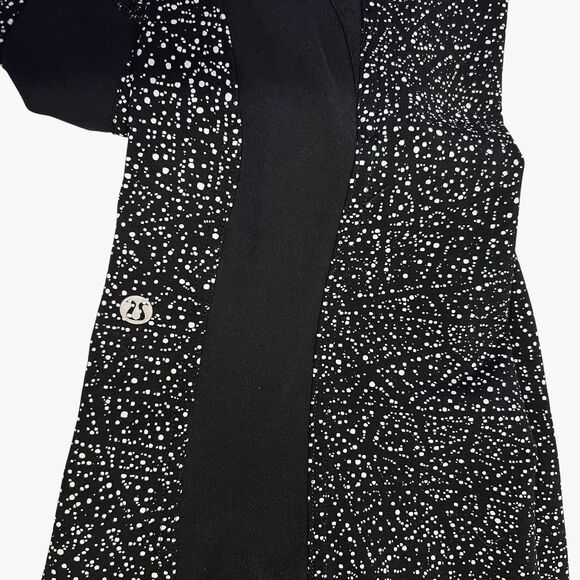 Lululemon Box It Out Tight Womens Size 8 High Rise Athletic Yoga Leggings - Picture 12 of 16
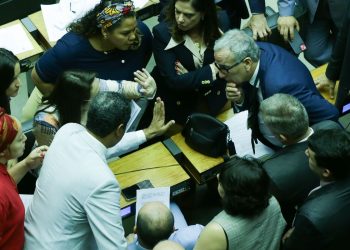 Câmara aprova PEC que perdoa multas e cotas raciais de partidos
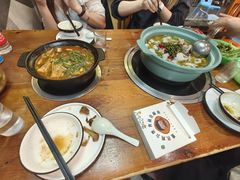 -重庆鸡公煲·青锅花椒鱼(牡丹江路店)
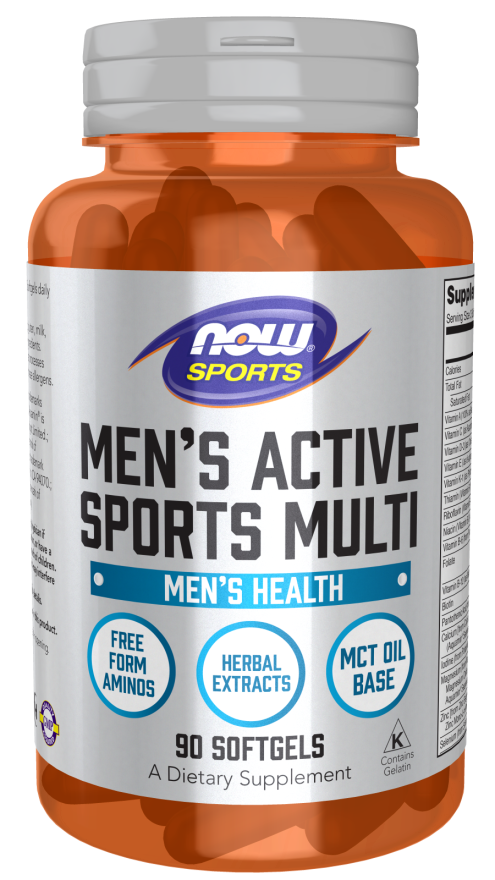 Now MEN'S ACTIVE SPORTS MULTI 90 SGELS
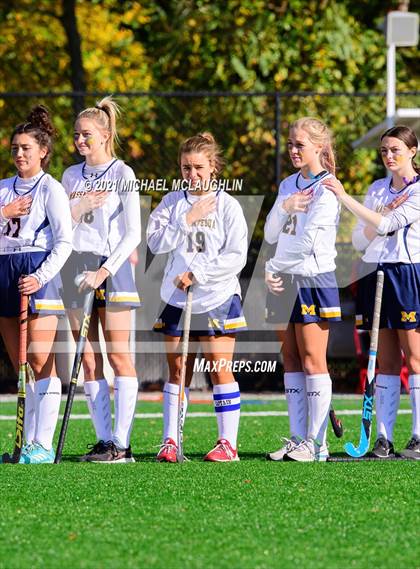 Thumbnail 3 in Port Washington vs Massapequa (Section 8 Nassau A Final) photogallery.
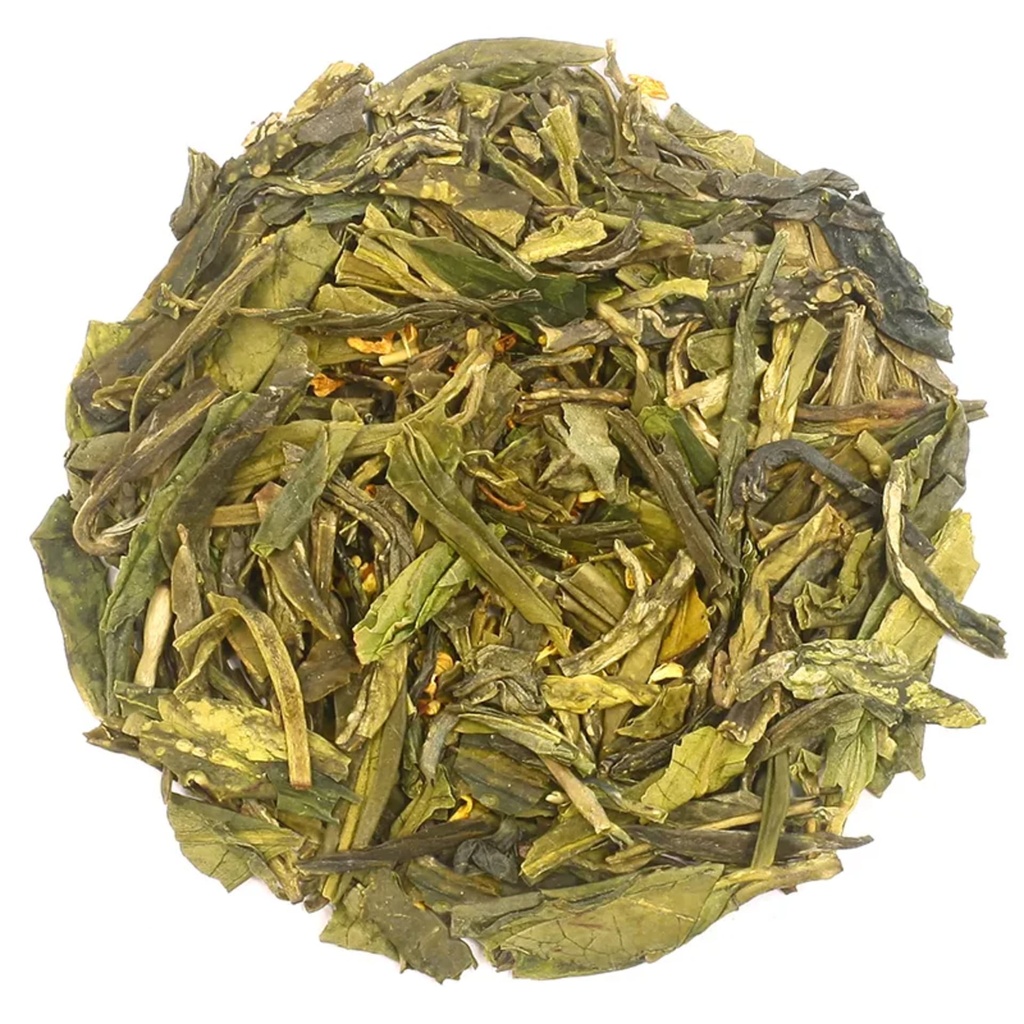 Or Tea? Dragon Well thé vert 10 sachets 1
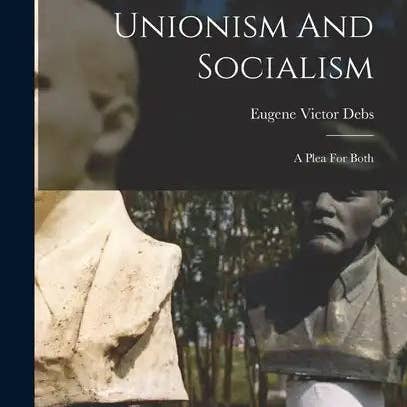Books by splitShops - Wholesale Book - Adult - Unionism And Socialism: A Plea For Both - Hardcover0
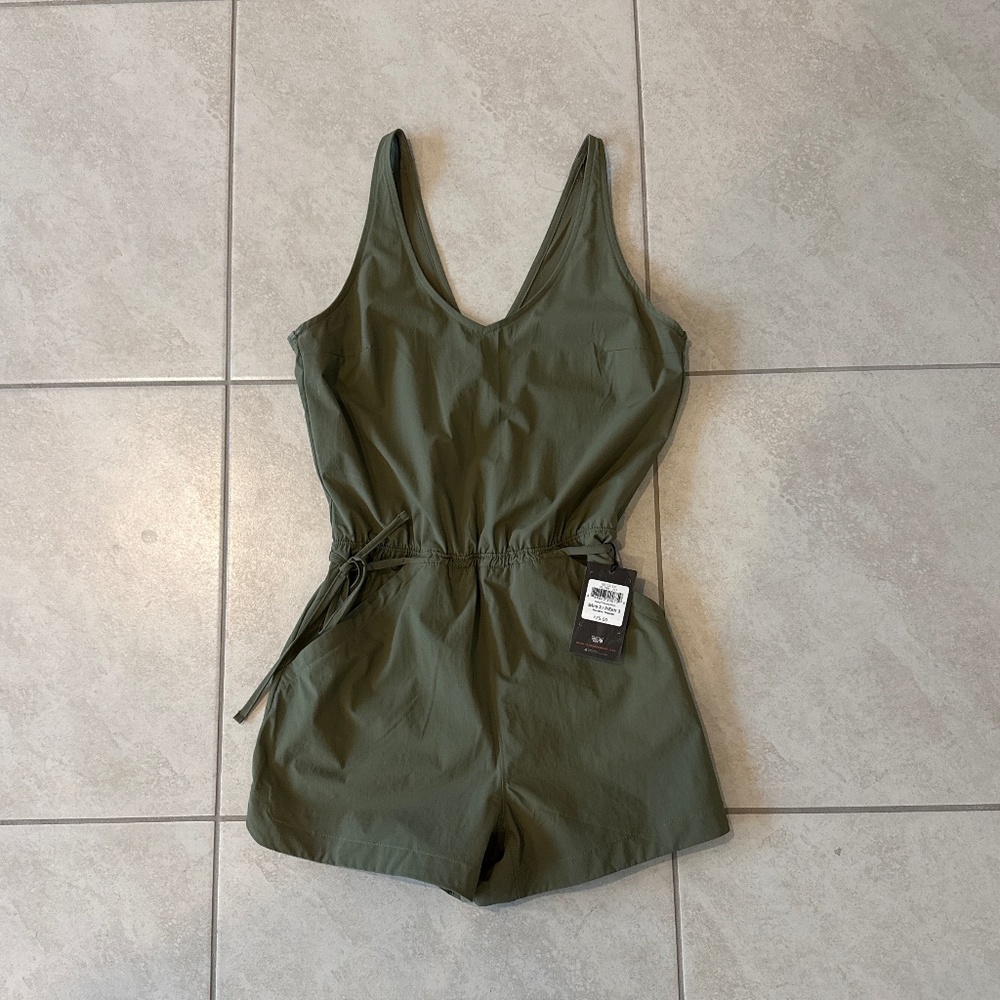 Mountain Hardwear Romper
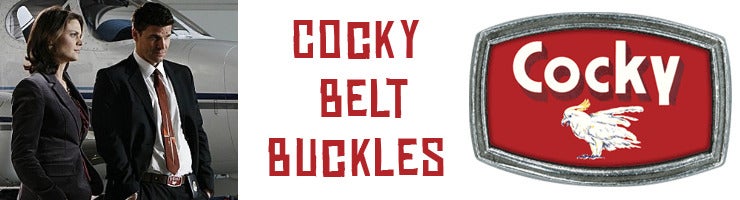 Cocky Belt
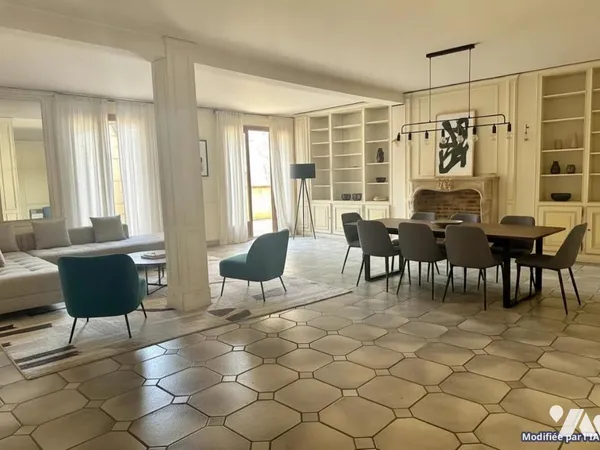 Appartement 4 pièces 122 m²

**WHAT YOU SHOULD DO**
Print, exactly as written, the lines from the one containing "-重庆鸡公煲·青锅花椒鱼(牡丹江路店)" to the end of the material, both ends included, and nothing else; no pictures.

**WRITTEN SOLUTION**
 -重庆鸡公煲·青锅花椒鱼(牡丹江路店)
 Now MEN'S ACTIVE SPORTS MULTI 90 SGELS
 Thumbnail 3 in Port Washington vs Massapequa (Section 8 Nassau A Final) photogallery.
 Or Tea? Dragon Well thé vert 10 sachets 1
Books by splitShops - Wholesale Book - Adult - Unionism And Socialism: A Plea For Both - Hardcover0
 Mountain Hardwear Romper
 Cocky Belt
 Appartement 4 pièces 122 m²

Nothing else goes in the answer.